If you’re feeling that way inclined, pop on a lid, tie on a festive bow and include a spoon for inhaling the cake jars at great speed.
Mother’s Day in our house can be summed up by this lovely card, so I’ll save myself one of my cake jars for Sunday to avoid too much disappointment.
Victoria Sponge Cake Jars Recipe
Makes 4 to 6 jars, dependent on the size of the aforementioned jars
You will need a food processor, if you like, and 4 to 6 jars with lids
250g Stork or soft butter
250g caster sugar
1 teaspoon vanilla extract
250g self raising flour
1 scant teaspoon baking powder
2 tablespoons milk
150g soft butter
300g icing sugar
1 teaspoon vanilla extract
A splash or two of milk
Half a jar of jam of your choice
Sprinkles, freeze dried strawberries, edible glitter or sweeties to decorate and ribbon and woodens spoons to serve
Pre heat your oven to 160 fan assisted and line your swiss roll sized baking tin, approximately 32cm by 22cm.
In a bowl with a hand whisk or in your food processor add the soft butter or Stork and the caster sugar.
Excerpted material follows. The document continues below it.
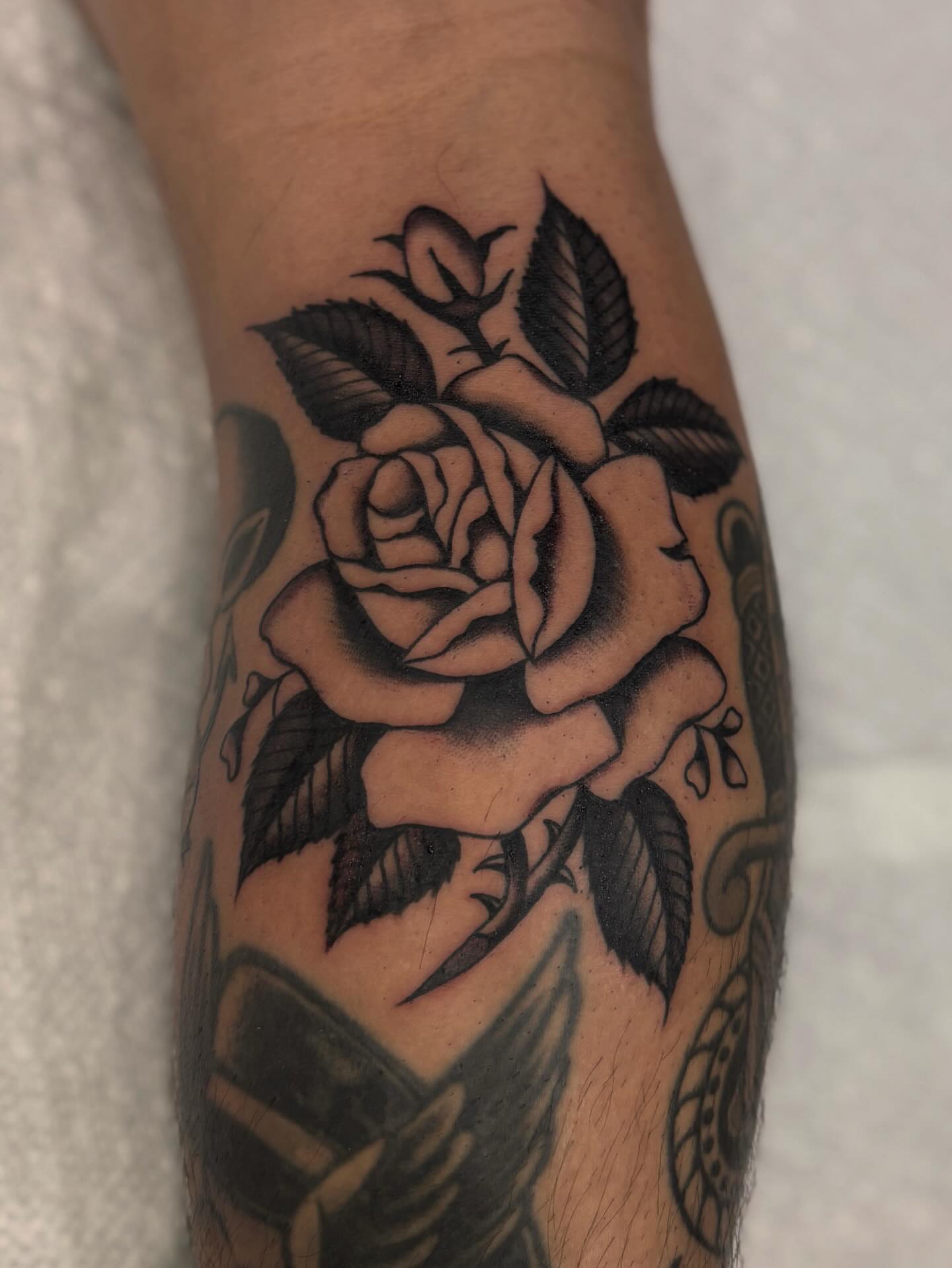 Rose black and grey tattoo on the forearm by Jesse Smith, Chicago, Illinois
Process or beat until lighter in colour and texture. Add the vanilla extract and the eggs, one at a time, and beat/process again.
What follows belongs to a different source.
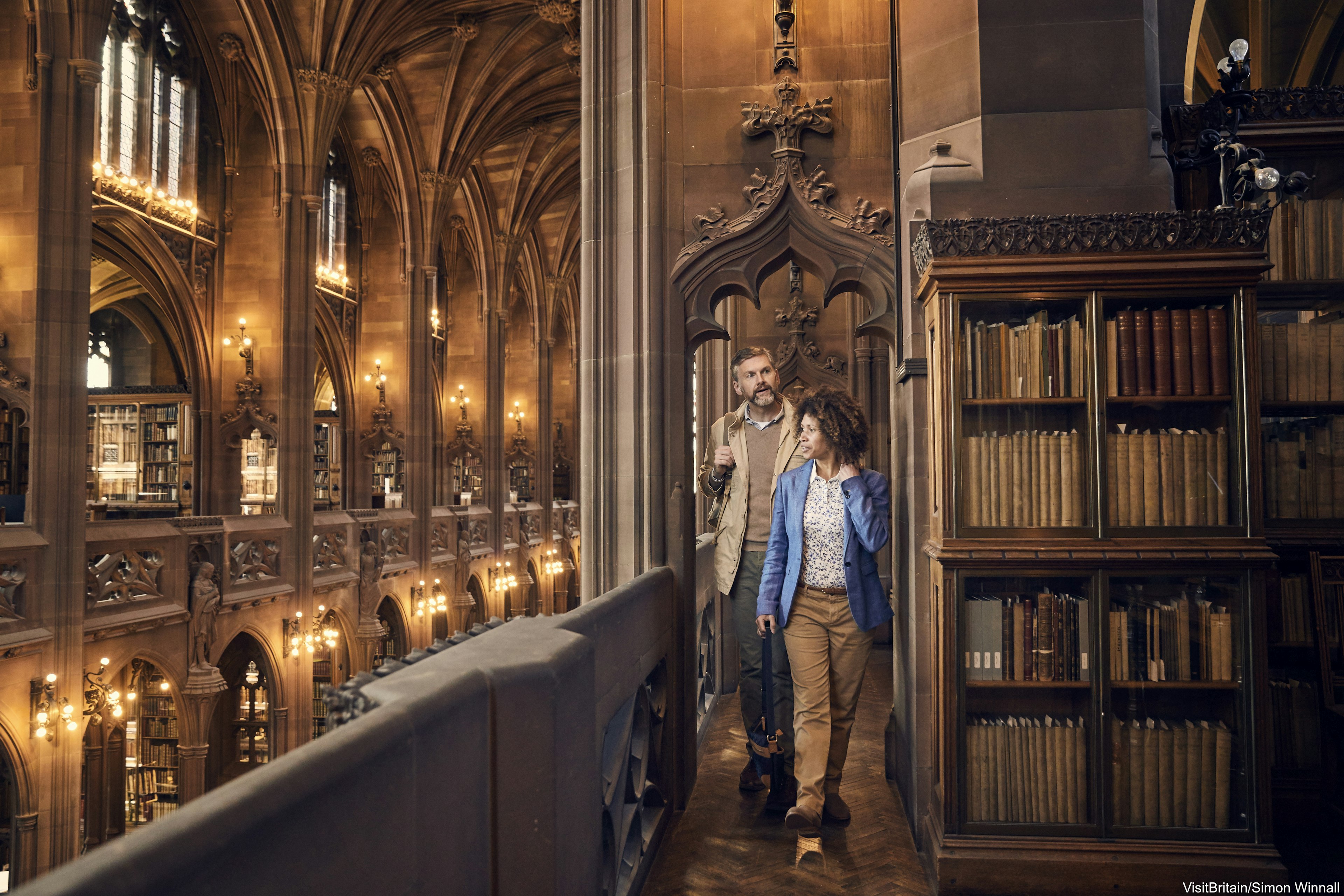 A couple walking along the balconies past book stacks in the galleries in the historic Reading Room in John Rylands Library, part of the University of Manchester.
Measure the self raising flour and baking powder then add this to your butter, sugar, egg mixture and fold or process briefly until well combined. Add the two tablespoons of milk to loosen the mixture and give the cake batter a final mix.
Scrape the batter into your tin and level the top by tapping on the work surface. Place into your pre heated oven for 25 minutes. The sponge will be ready when golden in colour, firm to the touch and when a skewer is poked in the middle it comes out clean. Leave to cool then turn out onto a cooling rack.
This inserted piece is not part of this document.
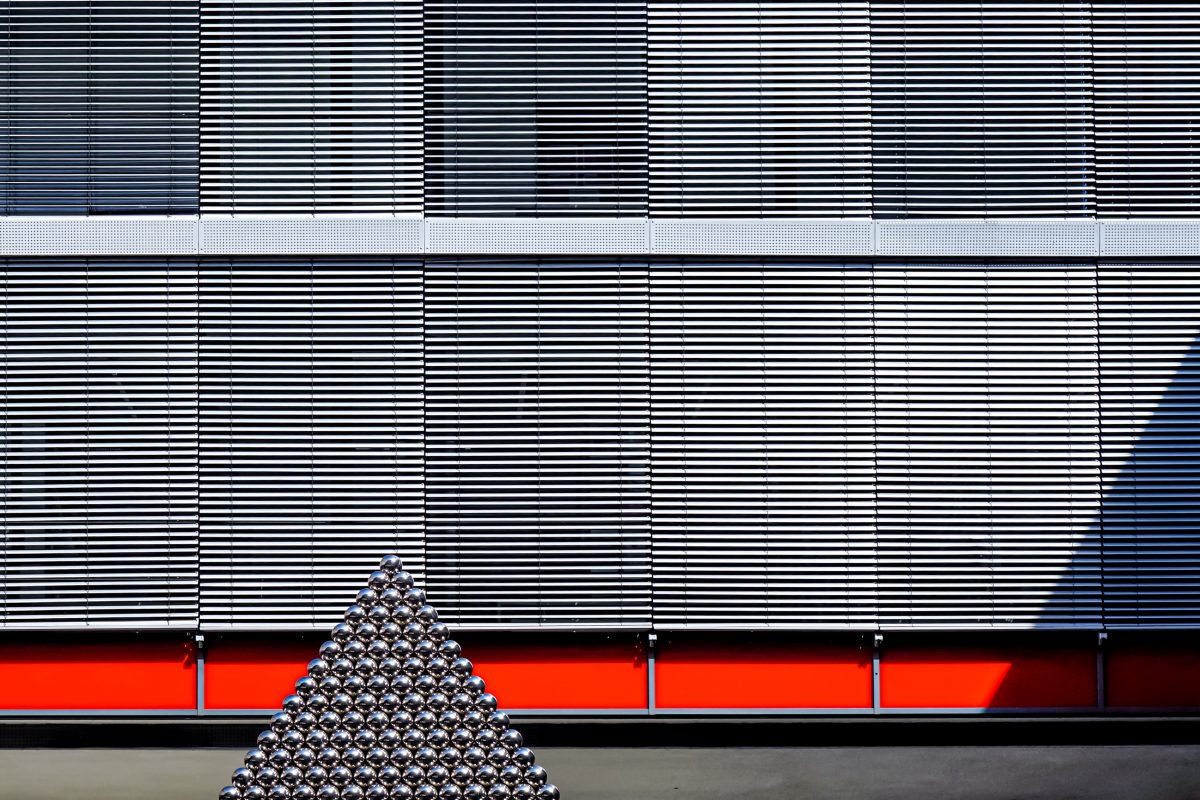 # 3700 Carbonadamas l Carbon Diamant Augsburg, Germany August 2021 Partial view of a metal pyramid casting a shadow on the facade in the courtyard of the computer center and library of the Augsburg University of Applied Sciences. Photo © Michael Nguyen/VG Bild-Kunst, Bonn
For the buttercream icing add the soft butter and a third of the icing sugar to a bowl or your stand mixer and beat until smooth. Add the vanilla extract then add the next third of icing sugar and beat again. Add the final quantity of icing sugar, give it one final beat then add a splash or two of milk, mixing again, to create a smooth, pipeable texture.
To assemble the cake jars, using a cutter slightly smaller than the base of your jam jar, cut out circles of sponge cake. Place one in bottom of your jar, dollop on a teaspoon of the jam of your choice. Pipe or spoon on a generous swirl of buttercream then repeat with as many layers as you can fit in your jar. Finish with a final topping of buttercream then sprinkle with the topping of your choice. Pop on a lid, tie on a bow and gift with a wooden spoon for easy devouring.
Your cake jars will keep in the fridge for 2 to 3 days, if you want to get ahead of the game.